Of course, more things can go wrong if you’re cutting down trees or taking a group hiking than if you’re collecting donations on the high street. But whatever you’re doing, if you take the time to consider a few simple guidelines you can reduce the risk significantly.
- Take care in whatever you do. As long as you act reasonably and take this guidance into account you are very unlikely to put yourself at risk of litigation.
- Think about your safety and the safety of others around you. Before you do anything it’s a good idea to take some time to think about the risks it could pose to you and others. If there is a risk, think about what you can do to reduce it.

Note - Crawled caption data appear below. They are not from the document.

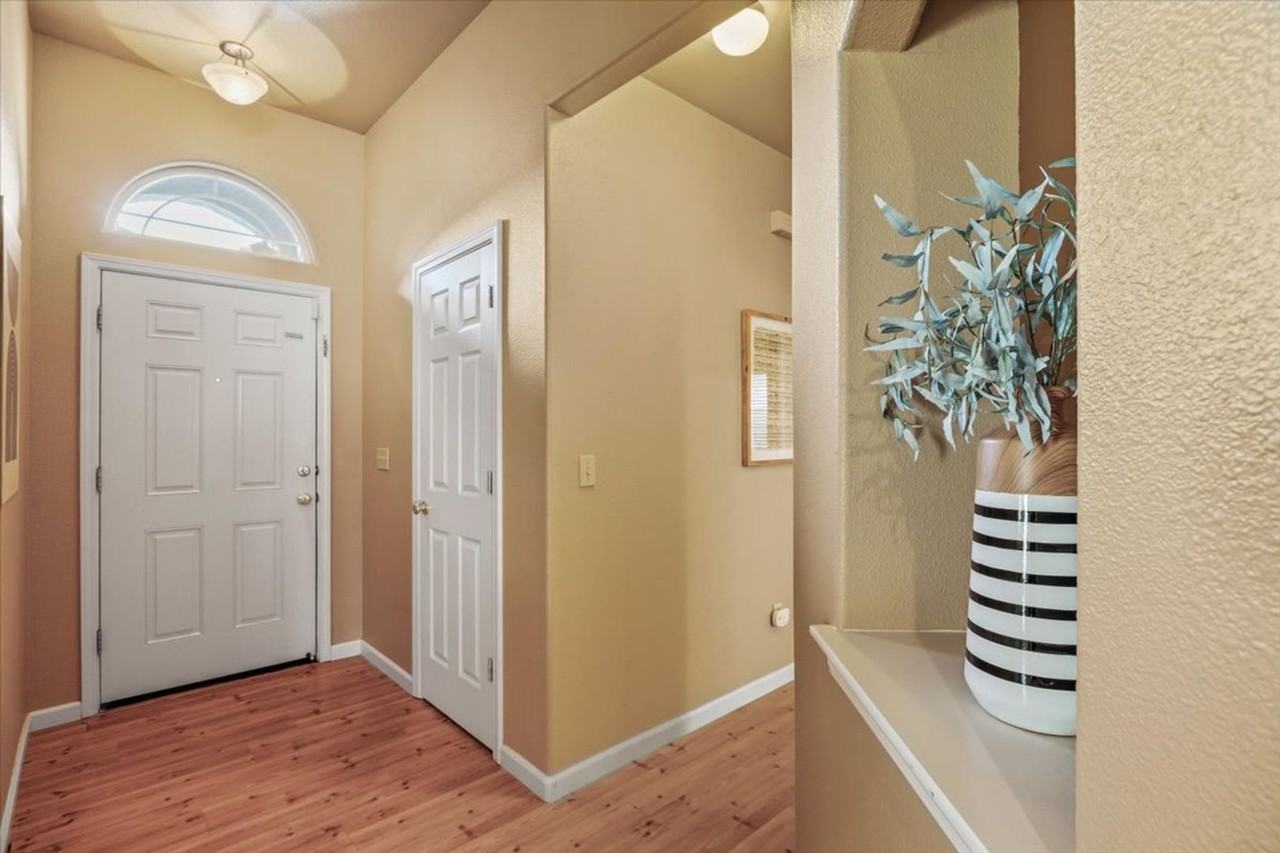 2520 Duffy Dr - Photo 2 of 19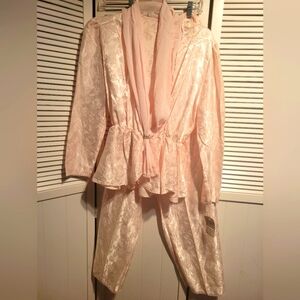 VTG Blanche NWT Long Sleeve Pale Pink Sleep Or Lounge Set Silk/Chiffon Trim SZS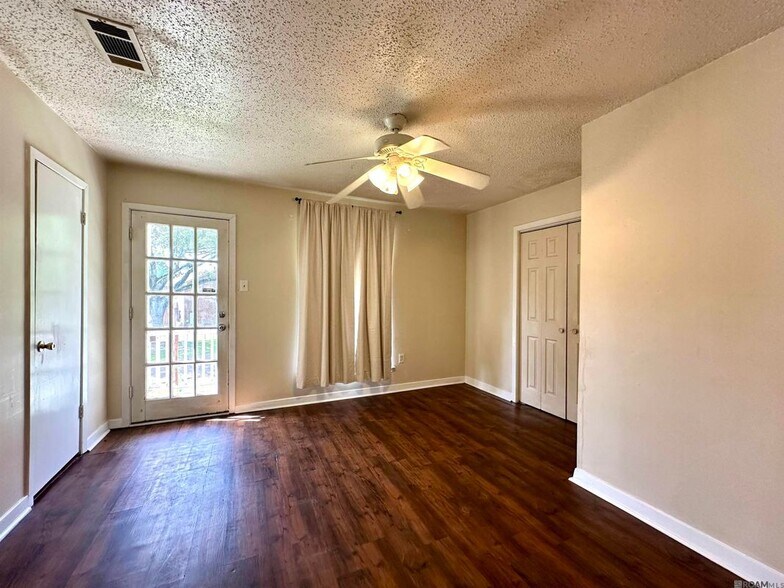 Building Photo - 15855 Sunderland Ave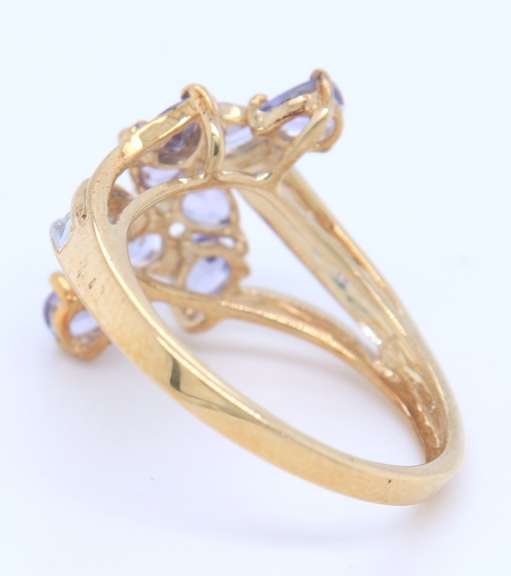 Attractive Yellow Gold Tanzanite and Diamond Ring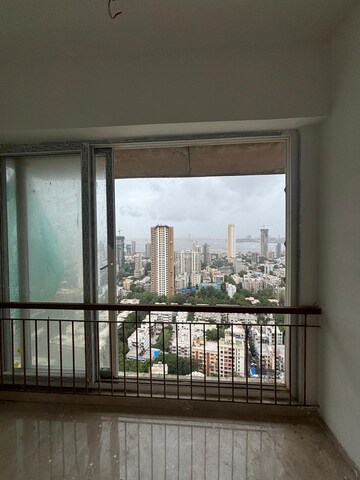 Room in 2 BHK Apartment at Ruparel Iris, Matunga West – for Sale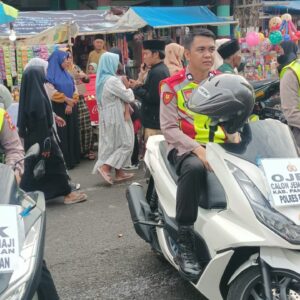 *Polres Pamekasan Sediakan Ojek Gratis Bagi Calon Jamaah Haji 2024*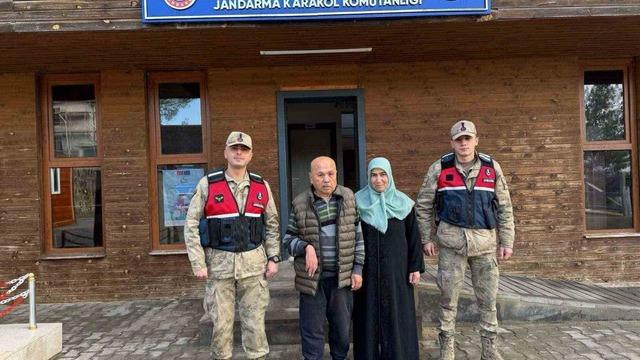 Alzheimer hastası yaşlı adam jandarma ekiplerince bulundu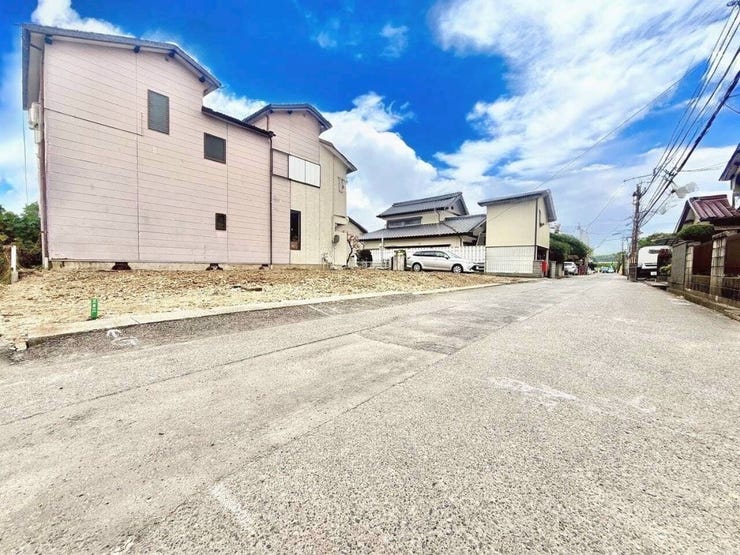 ◇前面道路◇
前面の道路幅は約5m。自動車同士が速度を落として対向してくれそうな幅です。事故率や歩行者の安全性、騒音などを考えると程よい幅なのではないでしょうか。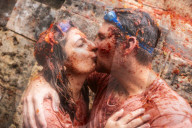 FEATURE - Über 150 Tonnen Tomaten für das Fest der Tomate in Bunol, Valencia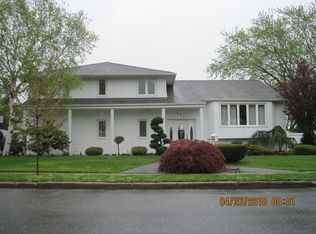 111 Whitewood Dr, Massapequa Park, NY 11762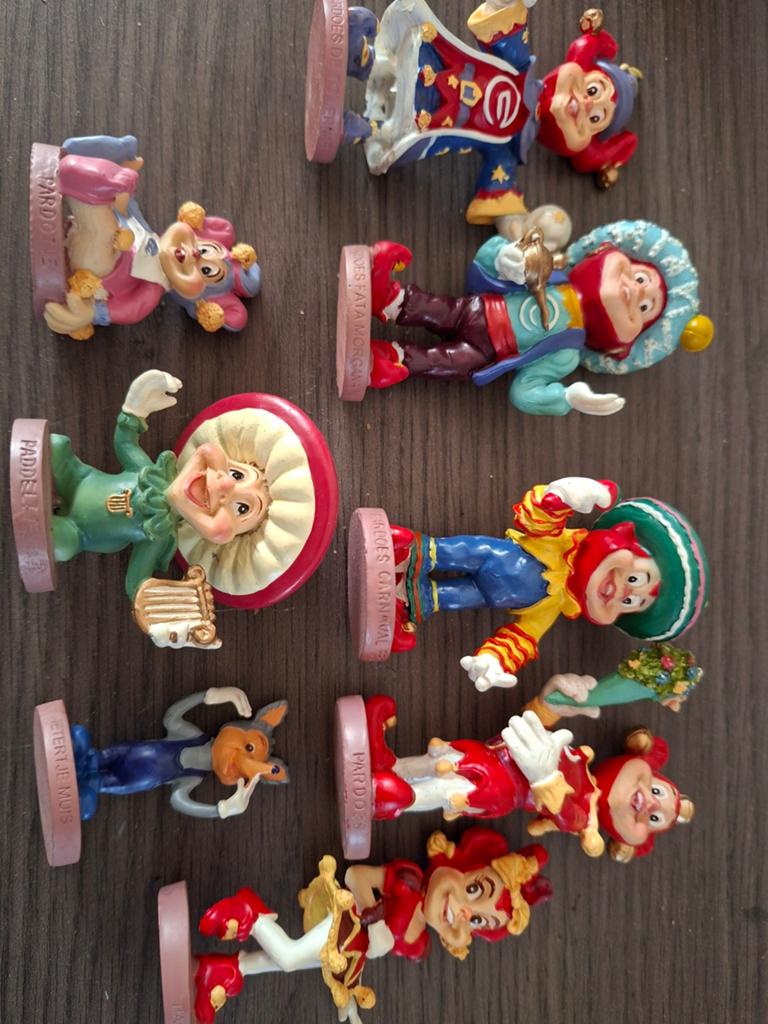 Set van 8 Efteling Carnaval Festival beeldjes, Verzamelen, Ophalen of Verzenden, Zo goed als nieuw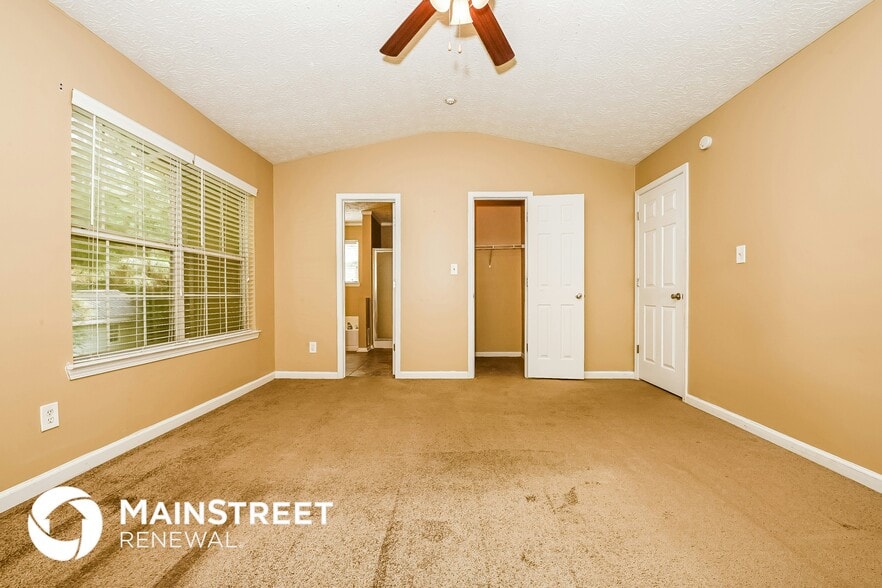 Building Photo - 20 Woodside Ct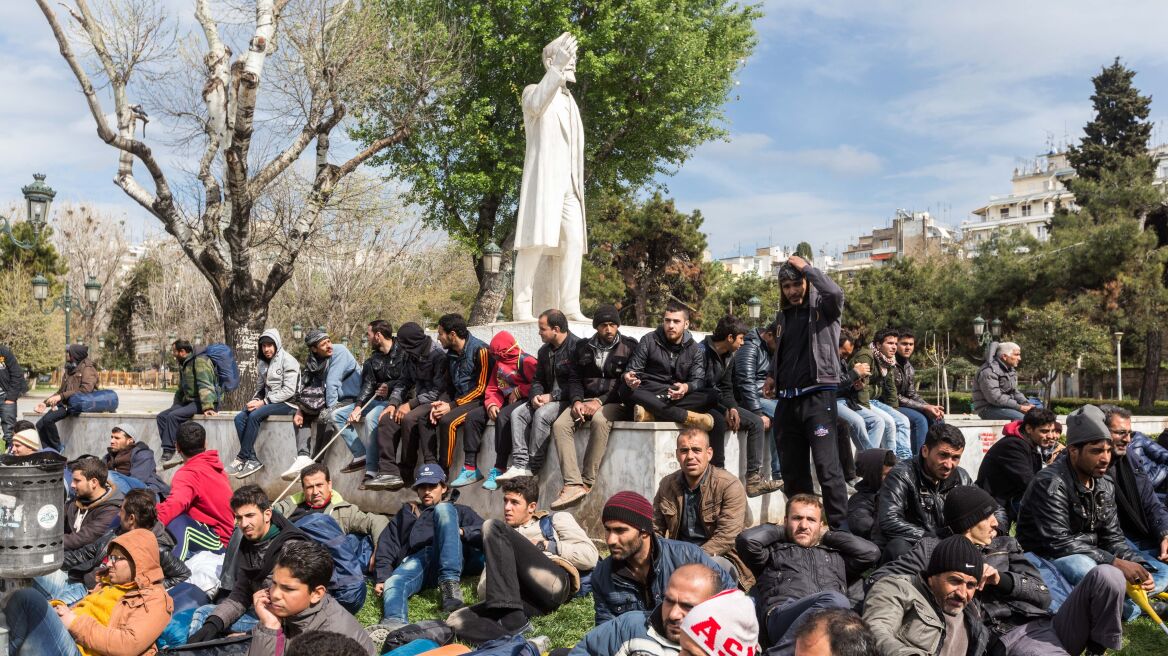Έστησαν σκηνές στην πλατεία Αριστοτέλους οι πρόσφυγες 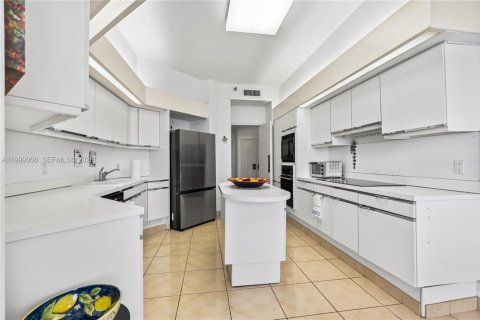 Condo in Aventura, Florida, 2 bedrooms  № 2066850 - photo 24
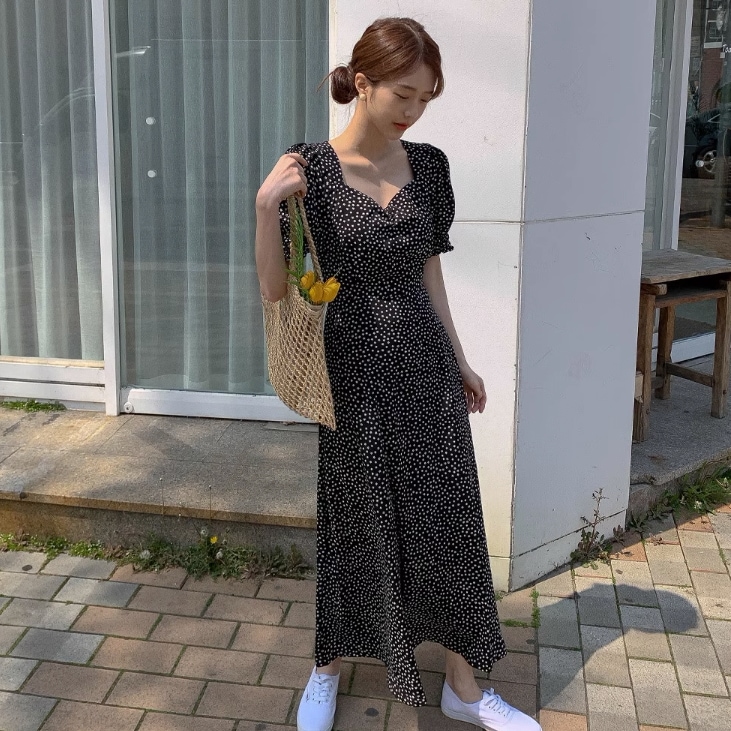 ワンピース ワンピドレス ロング ロング丈 袖あり 半袖 パフスリーブ スクエアネック 襟なし セミフレア Aライン ハイウエスト かわいい 大人可愛い シンプル 上品 おしゃれ レトロ アジアン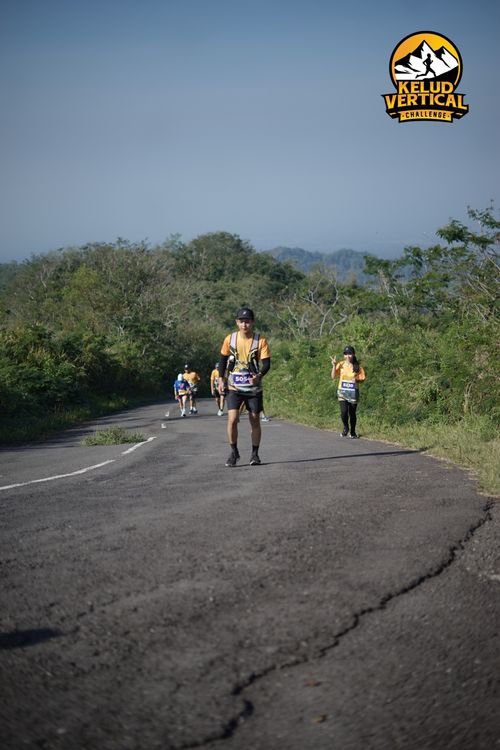 Race photo from Kelud Vertical Challenge 2024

- Involve other people. Before you do something, think about who else it might involve or have an effect on. If you’ve noticed something needs doing, chances are someone else has too. By talking about it with others, you’re more likely to identify potential problems – and be able to solve them.
- Ask for help and information. Most importantly, before you decide you can’t do something or you’re putting yourself at risk of litigation, look for the information. If you have concerns about health and safety, ask for help. A great place to start is Citizens Advice, which can point you in the right direction.
- Be clear about what you are and aren’t responsible for. Various myths circulate about responsibility. For example, if you allow your land to be used by the community for an activity you only owe the same duty of care as to all other visitors. If you’re not sure about what the law says you can contact Community Legal Advice.
- Check your existing insurance policies to see what you are covered for. If you already hold home insurance you might be surprised to find out what individual activities it covers you for. If in doubt, ask your insurance provider. The British Insurance Broker’s Association also has a guide to insurance for volunteers.
- If you are volunteering for an organisation you are probably covered by their insurance. It’s the organisation that has a responsibility to ensure it has the right cover for its activities and its volunteers have the right information and training. If you are concerned, or just interested, you should ask what insurance the organisation has.
- Volunteering England is an independent charity and membership organisation, committed to supporting, enabling and celebrating volunteering in all its diversity. Our work links policy, research, innovation, good practice and programme management in the involvement of volunteers.
- The ABI is the voice of the UK’s insurance, investment and long-term savings industry. It has over 300 members, which together account for around 90% of premiums in the UK domestic market. The ABI’s role is to:
- Be the voice of the UK insurance industry, leading debate and speaking up for insurers.
- Represent the UK insurance industry to government, regulators and policy makers in the UK, EU and internationally, driving effective public policy and regulation.
- Advocate high standards of customer service within the industry and provide useful information to the public about insurance.
- Promote the benefits of insurance to the government, regulators, policy makers and the public.
- The working group was convened by Volunteering England and the ABI in partnership. It is chaired by David Tyler, Chief Executive of Community Matters and a member of the red tape taskforce.
- The following organisations are members of the working group: ACEVO, Acre, Clubs for Young People, Community Matters, Locality, NCVO, NCVYS, Social Enterprise UK, Sport & Recreation Aliance, Volunteering England, ABI, Direct Line Group, Zurich, Allianz Insurance Plc, Ecclesiastical Insurance, RSA Group, CaSE Insurance, BIBA, BESSO Insurance Grpup Ltd, Mason Owen, Marsh and Unity Insurance Services.